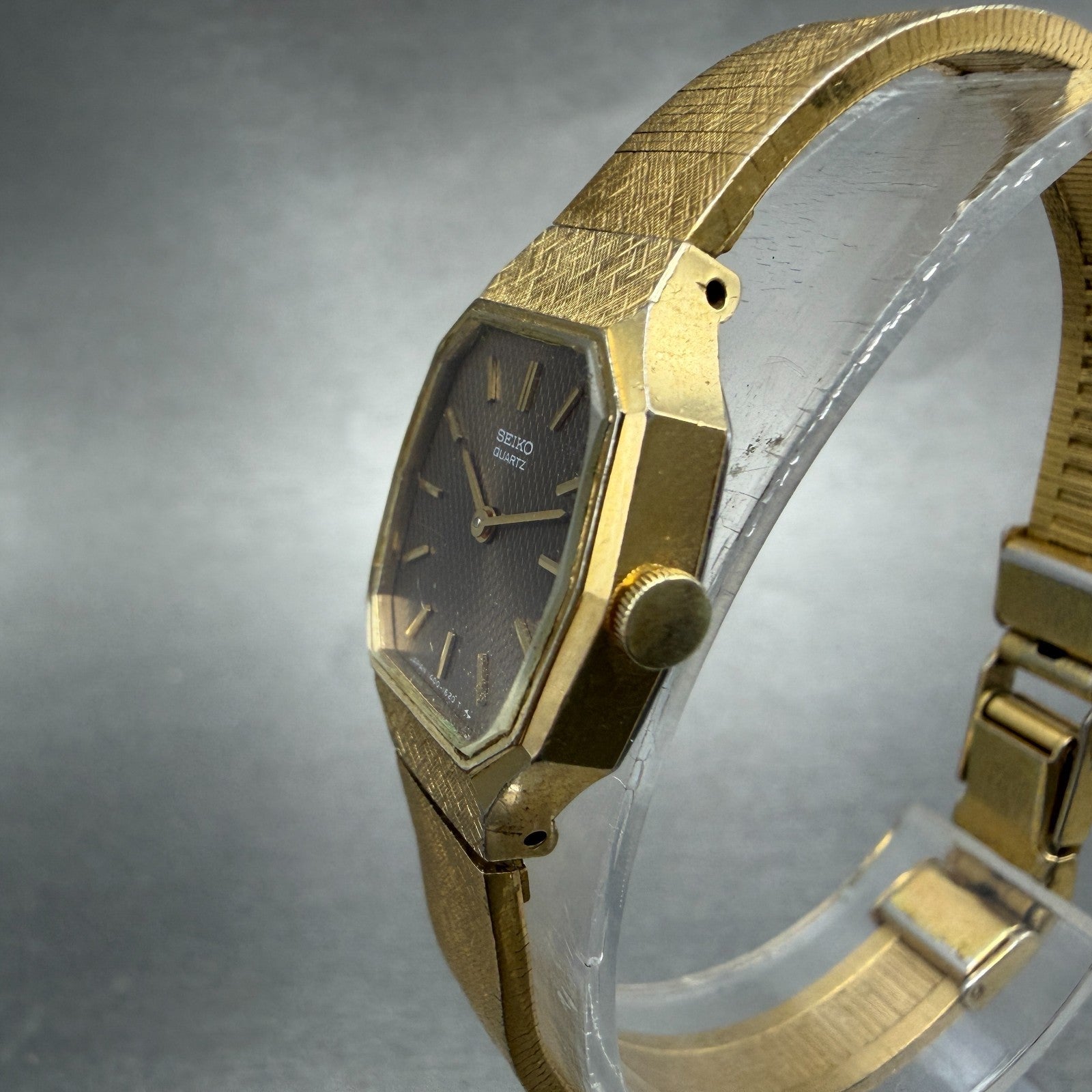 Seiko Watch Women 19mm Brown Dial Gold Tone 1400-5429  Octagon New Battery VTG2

* * *

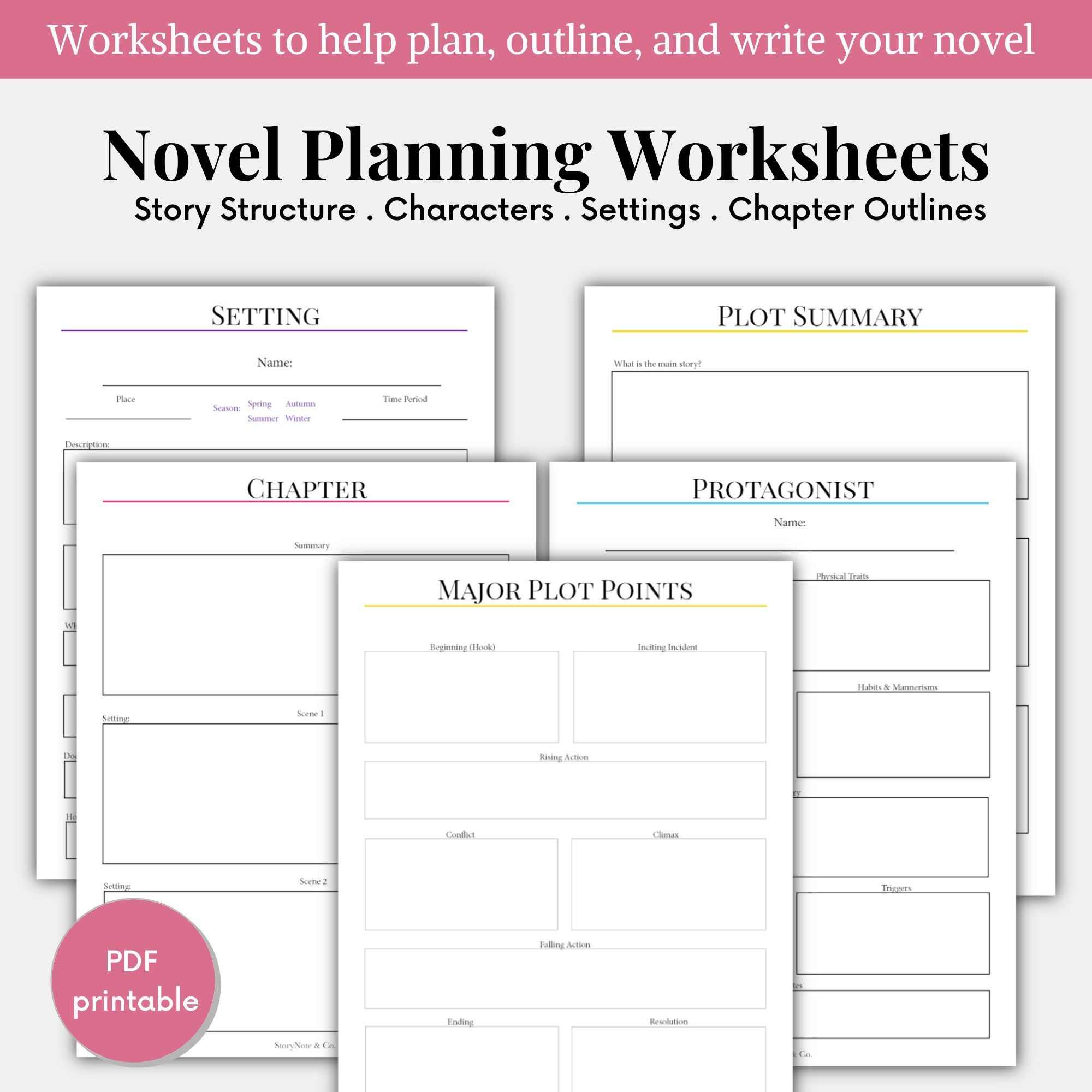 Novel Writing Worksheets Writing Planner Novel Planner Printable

==

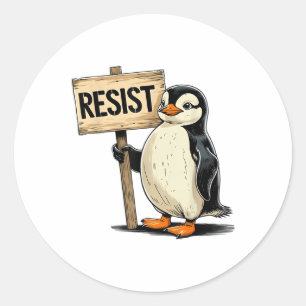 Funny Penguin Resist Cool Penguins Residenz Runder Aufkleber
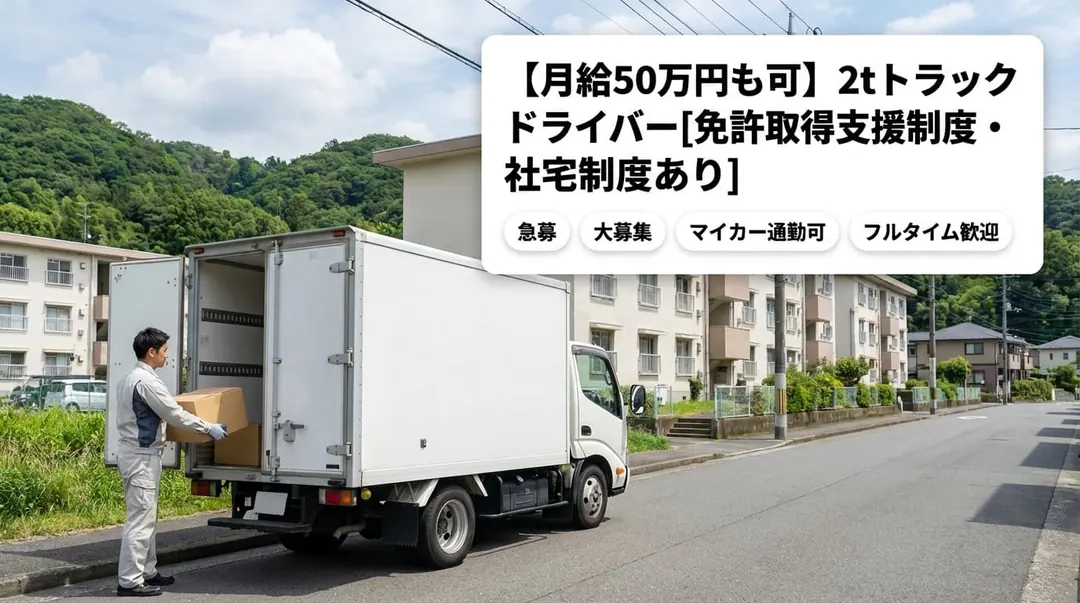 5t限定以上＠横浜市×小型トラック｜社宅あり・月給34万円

### Task statement:
Respond with the exact lines above running from the one containing "Funny Penguin Resist" to the one containing "5t限定以上＠横浜市×小型トラック｜社宅あり・月給34万円", both ends kept and no pictures included.

### Answer to this problem:
 Funny Penguin Resist Cool Penguins Residenz Runder Aufkleber
 5t限定以上＠横浜市×小型トラック｜社宅あり・月給34万円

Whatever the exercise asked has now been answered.